She told Jack later about Skip Freemason. He'd been the star of the basketball team, they'd gone steady for three years, and they got married the week after they graduated.

They both went to a junior college in the foothills, where, with their parents' money, they rented an apartment. The plan was that they would transfer to a four-year school later, but by Christmas of their freshman year, he'd fallen for a blonde sophomore from Lynchburg and moved out. He and the blonde transferred to James Madison after spring semester, leaving Regina Gay Royal Freemason abandoned and soon to be divorced.

“You know,” she said once, after she and Jack were engaged, “I probably would have dropped out after the first semester and just gotten a job if it hadn't been for Skip leaving me. I never liked school, but I was damned if he was going to make me skulk back here like some loser.”

Two years were enough, though. She moved to Richmond and worked for a year and a half as a secretary, and then she came home. She didn't really mean for it to be permanent. She was visiting one weekend, and her father told her about the job that Phil Wainwright was advertising for at the insurance agency he and his son ran. She went by that afternoon, and the job was hers.
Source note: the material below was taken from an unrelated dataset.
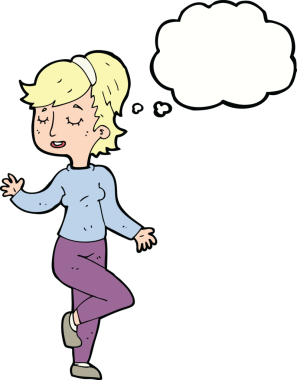 Bir insan tarafından çizilmiş düşünce balonlu çizgi film dansçısı kadın.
If I hadn't met you, she told Jack a year later, I'd have taken a job in Washington or Norfolk, somewhere. She knew almost as soon as she returned and rented a small apartment a couple of miles toward Richmond that Speakeasy would always be better for her as memory than as reality.

Four days after the birthday party, Jack was pulling into the Giant parking lot when he saw her again, carrying two grocery bags across the pavement.

He waited until he saw where she was headed, a burgundy Honda with dealer's tags still on it, and he eased into a space one down from her.

“Hey,” he said.

“Hey, birthday boy,” she replied, smiling when she recognized him. “I'm glad to see you survived the party.”

As he and his mother were the only teetotalers at the event, he said he supposed his chances of survival had been pretty good.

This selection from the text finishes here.